Please don’t misunderstand—2016 also brought me more than my fair share of goodness: a new, exciting job; wonderful, enduring friendships; a joyous baptism; a move into the prettiest Nashville cottage; a trip to India where I had the chance to live and love in a City of Joy…
In 2016, I made choices that changed my life.
I made little dreams into big realities.
I made mistakes.
I was beloved.
I was humbled.
I was brave and sad and vibrant and foolish.
I loved fiercely. I took chances, and I learned so much about my own, tender heart.
Yet, 2016 was a year that started out as a fight to become the woman I want to be and ended with me feeling adrift. And so, I was relieved to kiss one of the hardest years of my life goodbye when the clock struck midnight.
Now, as I face this new year, I’m reminded of one of my favorite verses from the Book of Psalms:
“Yes, my soul, find rest in God;
my hope comes from him.”
I need that reminder as much now as ever, because I no longer want to feel adrift. At some point in the last few months, I weighed anchor without meaning to and drifted as a result. It may not have been far off course, but it was enough to make me feel weightless and confused as I tried to navigate in uncharted territory.
Who do I want to be in this new year?
Truthfully, I want to be the woman I have glimpsed so often in the past, and the one I see so clearly in my future:
I want to be strong.
I want to be courageous.
I want to laugh without fear of the future.
I want to be kind in a world where that is not very valuable.
I want to love deeper than I ever have before.
And more than anything, I want to be able to do all of these things because I have rested in the Lord.
One of the best lessons of the past year was realizing that I cannot give without receiving.
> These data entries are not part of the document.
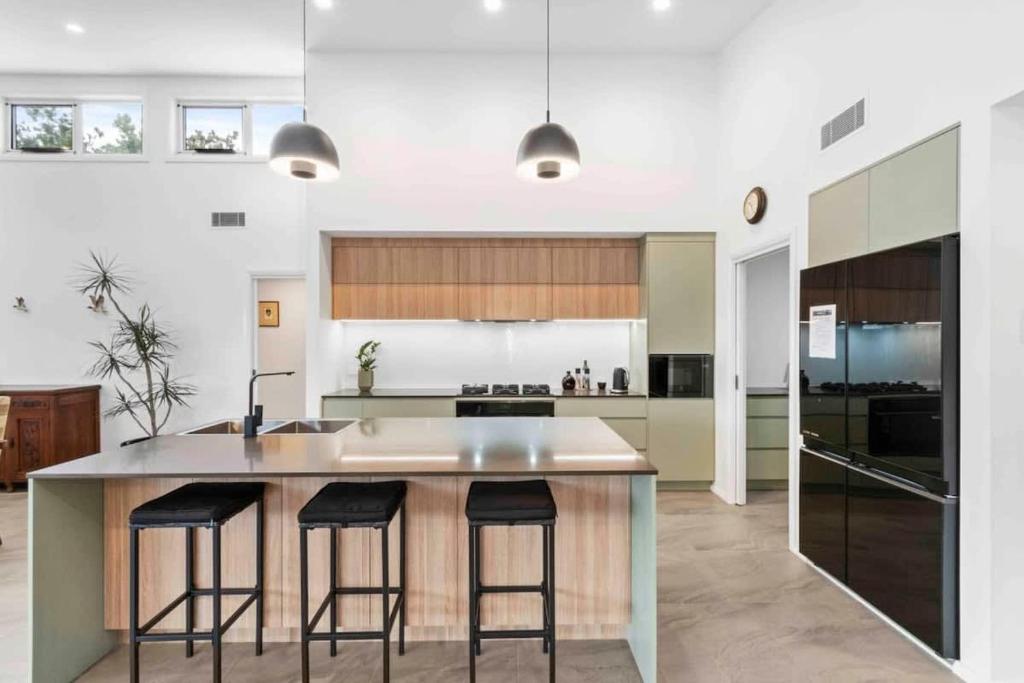 a kitchen with a large island with bar stools at Tomakin Tonic in Tomakin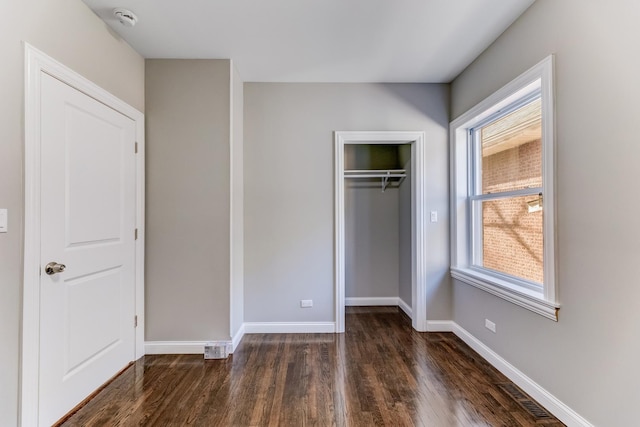 unfurnished bedroom featuring visible vents, dark wood finished floors, baseboards, and a closet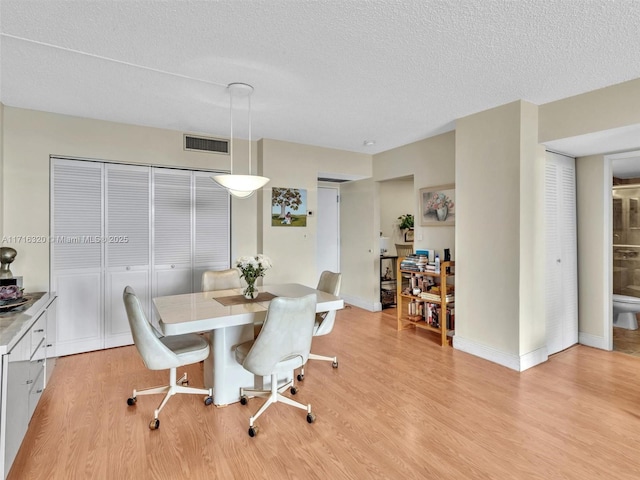 dining area featuring a textured ceiling and light hardwood / wood-style flooring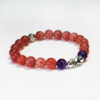 Handcrafted bracelet made with Strawberry Quartz and Amethyst representing the dreamy essence of the Fire Force.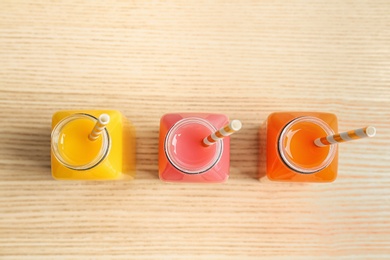 Photo of Bottles with tasty juices on wooden background, top view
What I mean is, I cannot love how I want to love without first being loved by my God, who delights in me. And I have to seek Him in order to be reminded just how deep His love for me runs. I think that is the rest Psalm 62 describes: the complete and utter contentment that comes when a heart knows it is valued above all else.
In 2017, I intend to find that rest.
The poet Nikki Giovanni has this beautiful quote. I wrote it down on a spare piece of paper and taped it to my bathroom mirror on New Year’s Eve, right next to Psalm 62:5. It reads:
“We are better than we think and not quite what we want to be. We are alive to the imaginations and the possibilities.”
Every morning this year, as I stare at the woman I want to be, she’ll be surrounded by David’s and Nikki’s poetry. And I’ll think of these words as I continue to fight, continue to love, continue to seek God so I can grow into the woman He is shaping me to be.
Because I am alive to the imaginations and possibilities of becoming her, and my hope comes from Him.